Financial and Strategic Management

What is Economic Value-Added (EVA)?

Economic Value-Added (EVA) – Means to Measure Shareholders Value Criteria

The conventional approach to measure profit will deduct the cost of loan capital in arriving at a profit, but there is no similar deduction for the cost of shareholders. Critics of the conventional approach point out that a business will not make a profit, in an economic sense, unless it covers the cost of all capital invested, including shareholders’ funds. Earnings per share tells nothing about the cost of generating those profits. If the cost of capital (loans, bonds, equity) as saying, 15 percent, then a 14 percent earning is actually a reduction, not again, in economic value. Profits also increase taxes, thereby reducing cash flow.

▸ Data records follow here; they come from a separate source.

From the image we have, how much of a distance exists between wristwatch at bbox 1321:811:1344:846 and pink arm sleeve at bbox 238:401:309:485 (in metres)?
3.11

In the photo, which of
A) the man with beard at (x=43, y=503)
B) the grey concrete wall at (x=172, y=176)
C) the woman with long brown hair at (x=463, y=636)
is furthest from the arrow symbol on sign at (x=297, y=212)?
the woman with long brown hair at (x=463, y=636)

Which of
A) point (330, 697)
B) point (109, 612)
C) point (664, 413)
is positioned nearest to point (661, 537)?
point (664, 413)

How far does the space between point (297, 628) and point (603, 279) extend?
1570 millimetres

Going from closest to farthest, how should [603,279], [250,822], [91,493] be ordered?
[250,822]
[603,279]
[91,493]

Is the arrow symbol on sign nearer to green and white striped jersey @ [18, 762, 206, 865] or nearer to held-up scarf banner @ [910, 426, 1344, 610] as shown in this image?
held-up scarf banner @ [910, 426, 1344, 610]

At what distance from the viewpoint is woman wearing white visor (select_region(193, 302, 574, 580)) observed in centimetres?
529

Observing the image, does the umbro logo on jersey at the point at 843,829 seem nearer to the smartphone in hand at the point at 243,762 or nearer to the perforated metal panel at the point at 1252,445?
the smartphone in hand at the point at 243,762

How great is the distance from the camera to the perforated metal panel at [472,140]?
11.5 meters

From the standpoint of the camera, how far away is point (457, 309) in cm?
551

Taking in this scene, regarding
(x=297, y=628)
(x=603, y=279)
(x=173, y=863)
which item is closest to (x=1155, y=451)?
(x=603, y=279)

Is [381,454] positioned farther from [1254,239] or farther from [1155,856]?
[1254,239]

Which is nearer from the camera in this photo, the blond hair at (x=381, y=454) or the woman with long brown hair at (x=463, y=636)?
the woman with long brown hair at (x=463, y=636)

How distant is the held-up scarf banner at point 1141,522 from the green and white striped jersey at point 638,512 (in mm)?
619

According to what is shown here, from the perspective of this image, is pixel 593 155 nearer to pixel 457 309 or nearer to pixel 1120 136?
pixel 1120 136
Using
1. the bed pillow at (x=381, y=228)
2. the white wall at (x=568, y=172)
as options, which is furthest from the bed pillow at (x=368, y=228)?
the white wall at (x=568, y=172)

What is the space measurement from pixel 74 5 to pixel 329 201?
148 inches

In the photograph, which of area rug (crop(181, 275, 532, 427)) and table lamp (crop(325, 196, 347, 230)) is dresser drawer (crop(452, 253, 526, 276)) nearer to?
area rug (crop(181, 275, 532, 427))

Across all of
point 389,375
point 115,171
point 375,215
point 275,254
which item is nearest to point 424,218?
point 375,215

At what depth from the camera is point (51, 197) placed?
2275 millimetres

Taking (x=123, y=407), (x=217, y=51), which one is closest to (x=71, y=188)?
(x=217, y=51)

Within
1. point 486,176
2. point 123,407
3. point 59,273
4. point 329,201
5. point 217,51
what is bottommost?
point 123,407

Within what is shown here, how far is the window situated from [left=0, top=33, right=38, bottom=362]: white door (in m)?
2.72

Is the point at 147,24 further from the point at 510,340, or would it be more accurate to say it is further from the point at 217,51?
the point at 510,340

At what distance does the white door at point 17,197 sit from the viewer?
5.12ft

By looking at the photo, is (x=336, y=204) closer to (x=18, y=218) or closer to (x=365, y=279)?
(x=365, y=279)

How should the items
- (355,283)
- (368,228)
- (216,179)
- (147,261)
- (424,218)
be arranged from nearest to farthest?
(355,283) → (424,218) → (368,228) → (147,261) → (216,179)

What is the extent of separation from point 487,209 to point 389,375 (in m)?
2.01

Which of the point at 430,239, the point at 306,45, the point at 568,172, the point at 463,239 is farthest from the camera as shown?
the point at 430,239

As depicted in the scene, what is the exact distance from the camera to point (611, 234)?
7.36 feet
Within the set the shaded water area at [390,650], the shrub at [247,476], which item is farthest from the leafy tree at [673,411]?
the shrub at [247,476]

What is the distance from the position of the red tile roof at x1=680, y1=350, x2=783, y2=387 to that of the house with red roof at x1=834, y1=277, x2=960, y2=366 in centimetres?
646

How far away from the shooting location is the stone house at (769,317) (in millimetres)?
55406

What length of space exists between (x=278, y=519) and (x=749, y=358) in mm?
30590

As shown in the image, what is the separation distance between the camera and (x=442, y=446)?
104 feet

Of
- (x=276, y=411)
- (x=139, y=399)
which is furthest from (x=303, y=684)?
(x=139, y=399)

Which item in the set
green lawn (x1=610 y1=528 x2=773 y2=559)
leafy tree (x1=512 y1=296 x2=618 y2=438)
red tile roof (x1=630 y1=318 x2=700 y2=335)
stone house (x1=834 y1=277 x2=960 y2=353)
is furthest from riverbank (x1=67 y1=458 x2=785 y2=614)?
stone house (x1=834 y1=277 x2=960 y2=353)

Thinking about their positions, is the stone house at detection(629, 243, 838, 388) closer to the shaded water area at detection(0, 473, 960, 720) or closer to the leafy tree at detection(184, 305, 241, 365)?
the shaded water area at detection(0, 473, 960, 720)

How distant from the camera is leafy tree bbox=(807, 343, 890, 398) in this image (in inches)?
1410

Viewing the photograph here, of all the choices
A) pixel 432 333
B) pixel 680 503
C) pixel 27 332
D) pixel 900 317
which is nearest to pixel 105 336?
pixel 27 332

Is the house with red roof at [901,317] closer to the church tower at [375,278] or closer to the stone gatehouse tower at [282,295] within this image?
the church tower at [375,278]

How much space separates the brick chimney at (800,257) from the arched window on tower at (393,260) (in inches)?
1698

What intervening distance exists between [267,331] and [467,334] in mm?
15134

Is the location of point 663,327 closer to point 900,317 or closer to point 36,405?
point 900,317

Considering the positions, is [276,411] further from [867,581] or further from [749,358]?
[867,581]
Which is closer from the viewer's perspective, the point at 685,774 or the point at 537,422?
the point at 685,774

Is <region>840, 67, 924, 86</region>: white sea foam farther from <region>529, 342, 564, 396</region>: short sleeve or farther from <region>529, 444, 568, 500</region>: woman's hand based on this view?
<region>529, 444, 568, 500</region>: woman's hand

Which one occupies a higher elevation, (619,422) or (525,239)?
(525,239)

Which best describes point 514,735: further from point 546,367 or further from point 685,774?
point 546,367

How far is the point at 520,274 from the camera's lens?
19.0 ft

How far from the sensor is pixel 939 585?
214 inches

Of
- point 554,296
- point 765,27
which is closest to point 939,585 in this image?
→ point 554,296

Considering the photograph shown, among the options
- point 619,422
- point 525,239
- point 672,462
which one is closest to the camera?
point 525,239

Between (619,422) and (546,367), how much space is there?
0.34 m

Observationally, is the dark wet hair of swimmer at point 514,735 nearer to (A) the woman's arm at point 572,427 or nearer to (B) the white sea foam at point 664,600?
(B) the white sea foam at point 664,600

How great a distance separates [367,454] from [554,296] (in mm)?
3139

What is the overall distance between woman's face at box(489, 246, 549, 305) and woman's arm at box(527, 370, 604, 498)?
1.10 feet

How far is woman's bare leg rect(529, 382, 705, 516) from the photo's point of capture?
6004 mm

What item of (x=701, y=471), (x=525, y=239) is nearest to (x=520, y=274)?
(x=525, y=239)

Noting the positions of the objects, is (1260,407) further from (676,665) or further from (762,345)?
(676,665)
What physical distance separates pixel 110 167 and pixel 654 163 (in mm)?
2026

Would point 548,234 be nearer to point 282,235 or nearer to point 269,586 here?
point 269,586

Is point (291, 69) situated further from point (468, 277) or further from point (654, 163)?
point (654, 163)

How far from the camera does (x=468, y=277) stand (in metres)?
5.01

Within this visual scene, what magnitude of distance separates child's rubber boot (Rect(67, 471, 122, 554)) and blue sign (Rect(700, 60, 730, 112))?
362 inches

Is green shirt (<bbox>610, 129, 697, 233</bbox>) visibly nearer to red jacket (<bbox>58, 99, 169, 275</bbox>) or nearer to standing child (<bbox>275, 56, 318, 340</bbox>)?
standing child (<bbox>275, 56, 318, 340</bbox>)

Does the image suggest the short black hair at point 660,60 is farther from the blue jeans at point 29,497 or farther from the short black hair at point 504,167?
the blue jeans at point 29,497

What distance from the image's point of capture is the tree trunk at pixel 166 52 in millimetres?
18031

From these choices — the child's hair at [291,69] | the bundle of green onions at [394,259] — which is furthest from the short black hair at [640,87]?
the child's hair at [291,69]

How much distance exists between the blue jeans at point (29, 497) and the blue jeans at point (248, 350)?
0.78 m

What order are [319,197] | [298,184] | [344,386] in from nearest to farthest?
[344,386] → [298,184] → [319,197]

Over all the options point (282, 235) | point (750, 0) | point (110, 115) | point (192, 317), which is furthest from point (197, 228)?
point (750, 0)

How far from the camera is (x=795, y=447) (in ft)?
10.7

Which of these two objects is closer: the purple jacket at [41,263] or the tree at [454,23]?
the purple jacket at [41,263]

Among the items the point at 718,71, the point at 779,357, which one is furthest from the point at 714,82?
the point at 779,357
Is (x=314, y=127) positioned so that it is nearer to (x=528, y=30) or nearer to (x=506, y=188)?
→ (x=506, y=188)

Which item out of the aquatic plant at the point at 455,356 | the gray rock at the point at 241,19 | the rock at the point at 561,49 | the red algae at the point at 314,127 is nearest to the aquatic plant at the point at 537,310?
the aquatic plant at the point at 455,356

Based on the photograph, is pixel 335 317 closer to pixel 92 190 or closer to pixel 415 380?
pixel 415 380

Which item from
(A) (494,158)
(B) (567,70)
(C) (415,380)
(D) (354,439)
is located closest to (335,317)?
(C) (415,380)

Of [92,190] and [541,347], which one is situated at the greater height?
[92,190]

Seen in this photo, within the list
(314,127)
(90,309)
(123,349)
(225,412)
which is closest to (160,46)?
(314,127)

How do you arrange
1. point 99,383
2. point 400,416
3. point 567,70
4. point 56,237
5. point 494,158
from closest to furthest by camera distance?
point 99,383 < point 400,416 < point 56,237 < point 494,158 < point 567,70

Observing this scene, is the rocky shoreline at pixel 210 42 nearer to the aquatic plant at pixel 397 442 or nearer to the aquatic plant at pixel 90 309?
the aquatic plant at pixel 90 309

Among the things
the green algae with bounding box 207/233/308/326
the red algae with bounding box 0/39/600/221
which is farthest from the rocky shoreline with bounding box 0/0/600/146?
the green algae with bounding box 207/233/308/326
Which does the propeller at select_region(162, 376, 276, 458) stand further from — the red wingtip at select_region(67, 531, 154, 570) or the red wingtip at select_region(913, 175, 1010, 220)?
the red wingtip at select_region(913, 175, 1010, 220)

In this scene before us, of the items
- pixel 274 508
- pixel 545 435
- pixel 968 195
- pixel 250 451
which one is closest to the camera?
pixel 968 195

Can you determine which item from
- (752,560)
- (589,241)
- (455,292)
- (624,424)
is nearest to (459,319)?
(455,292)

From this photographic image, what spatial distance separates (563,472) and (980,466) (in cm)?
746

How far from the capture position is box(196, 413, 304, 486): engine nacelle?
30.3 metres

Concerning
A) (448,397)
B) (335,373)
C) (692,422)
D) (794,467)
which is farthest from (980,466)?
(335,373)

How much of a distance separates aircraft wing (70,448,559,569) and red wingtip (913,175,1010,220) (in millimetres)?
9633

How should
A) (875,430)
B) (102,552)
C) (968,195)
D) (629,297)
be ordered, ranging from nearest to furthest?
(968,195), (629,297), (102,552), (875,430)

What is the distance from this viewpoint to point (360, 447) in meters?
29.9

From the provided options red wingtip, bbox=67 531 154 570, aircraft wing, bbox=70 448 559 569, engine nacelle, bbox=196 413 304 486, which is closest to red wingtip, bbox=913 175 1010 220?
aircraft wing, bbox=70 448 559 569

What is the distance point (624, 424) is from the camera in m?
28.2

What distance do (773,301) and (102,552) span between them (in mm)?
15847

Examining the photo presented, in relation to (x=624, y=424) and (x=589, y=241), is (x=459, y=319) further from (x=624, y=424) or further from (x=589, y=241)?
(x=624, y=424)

Return on assets is a more realistic measure of economic performance, but it ignores the cost of capital. Leading firms can obtain capital at low costs, via favorable interest rates and high stock prices, which they can then invest in their operations at decent rates of return on assets. This tempts them to expand without paying attention to the real return, economic value-added.

Economic value added (EVA) is the after-tax cash flow generated by a business minus the cost of the capital it has deployed to generate that cash flow. Representing real profit versus paper profit, EVA underlines shareholder value, increasingly the main target of leading companies’ strategies. Shareholders are the players who provide the firm with its capital; they invest to gain a return on that capital.

The concept of EVA is well established in financial theory, but only recently has the term moved into the mainstream of corporate finance, as more and more firms adopt it as the base for business planning and performance monitoring. There is growing evidence that EVA, not earnings, determines the value of a firm. There is a difference between EVA, earnings per share, return on assets, and discounted cash flow, as a measure of performance.

Discounted cash flow is very close to economic value-added, with the discount rate being the cost of capital.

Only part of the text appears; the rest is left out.